On December 10, 2020, President Trump formally announced that the Government of Israel and the Kingdom of Morocco will normalize their bilateral relationship, marking the fourth Arab country that recognizes Israel as a result of the Abraham Accords. Over the coming months, the new agreement will allow the two countries to resume full diplomatic relations, increase cooperation on security and economic matters, and open up regular flights between Morocco and Israel.
Concerns remain over how the normalization of ties between Arab nations and Israel will affect Palestinian self-determination rights and the final political status of the Palestinian territory, which remains under Israeli occupation. This is important because the Morocco-Israel agreement also includes U.S. recognition of Morocco’s claim to the Western Sahara, despite broad international recognition of the indigenous Sahrawi’s right to self-determination.
Prior to the Trump Administration, both Democratic and Republican Administrations had consistently refrained from adopting a position on the Western Sahara’s political status. Instead, all previous Administrations supported international diplomatic efforts under MINURSO – the U.N. peacekeeping mission mandated with providing a referendum for the Sahrawi on self-determination.
Against this backdrop, a handful of companies have sought to source natural resources from the Moroccan-occupied portion of the Western Sahara. The activities of these companies have included exploring for hydrocarbons in offshore Western Sahara, fishing operations off the Western Sahara coast, and purchasing phosphates mined in the territory.
It is important for companies that source or are considering sourcing from the Western Sahara to bear in mind a key fact: Morocco’s occupation of the Western Sahara is illegal under international law and Morocco’s political consolidation of the territory, by way of such occupation, has led to gross human rights violations aimed at suppressing Sahrawi resistance to Moroccan rule. Under a landmark Advisory Opinion issued in 1975 – the year Morocco annexed much of the Western Sahara – the International Court of Justice unequivocally ruled that Morocco had no historical or legal claim to the territory.
The Legal Advisor to the United Nations has expressly stated that Morocco’s sale of the Western Sahara’s resources is illegal and violates the fundamental rights of the Sahrawi. Moreover, the European Union’s Court of Justice ruled in 2016 that trade agreements between the European Union and Morocco do not apply to products sourced from the Western Sahara because Morocco does not have a legal right to the territory.
Additionally, myriad U.N. General Assembly resolutions stipulate that no territorial acquisition resulting from the threat or use of force shall be recognized as legal, and therefore constitutes a violation of international humanitarian law.
Accordingly, although recognition of Morocco’s claim of sovereignty over the Western Sahara may now be the Trump Administration’s policy, that policy contravenes international law, violates internationally recognized human rights principles, and does not change the obligation of companies to ensure that their operations and supply chain activities do not infringe upon the human rights of the Saharawi people.
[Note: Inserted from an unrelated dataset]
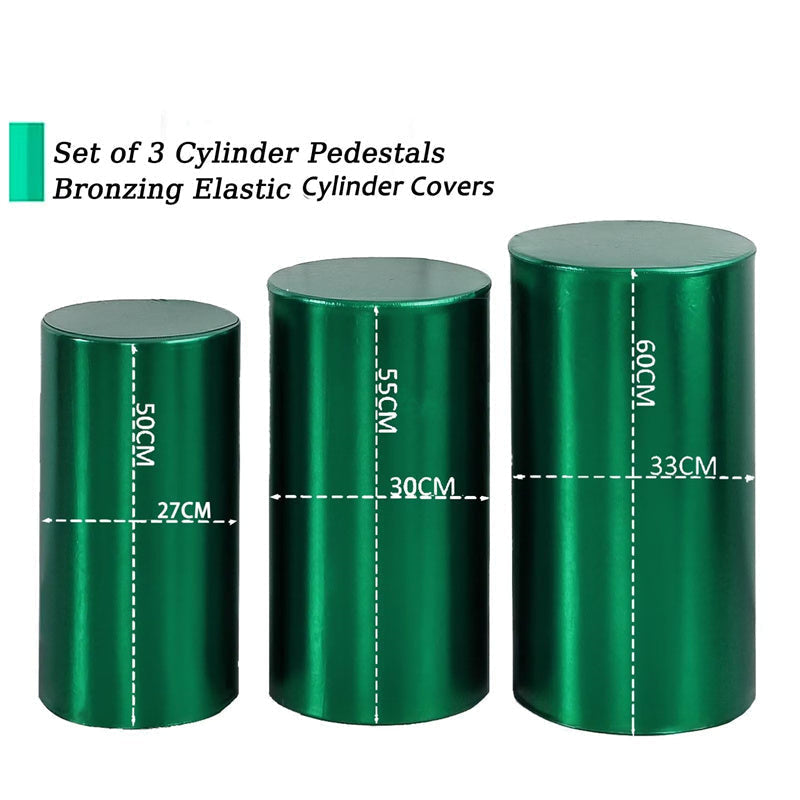 Lofaris Metallic Green Stretchy Spandex Fitted Cylinder Cover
If a company were to enter into a contract with the Government of Morocco to buy the natural resources of the Western Sahara, that contract would be per se illegal under international law. Notably, it would be just as illegal for the company to source those natural resources from Morocco, without establishing a physical presence in Africa, as it would be for the company to directly harvest the resources in the territory without the consent of the Saharawi.
In assessing any business activity related to the Western Sahara, companies should give careful consideration to the U.N. Guiding Principles on Business and Human Rights (UNGPs) — the primary international framework setting corporate responsibilities for respecting human rights. The UNGPs make clear that companies have an obligation to avoid committing or contributing to human rights violations, and call upon businesses to conduct robust due diligence to prevent potential harms to rights-holders.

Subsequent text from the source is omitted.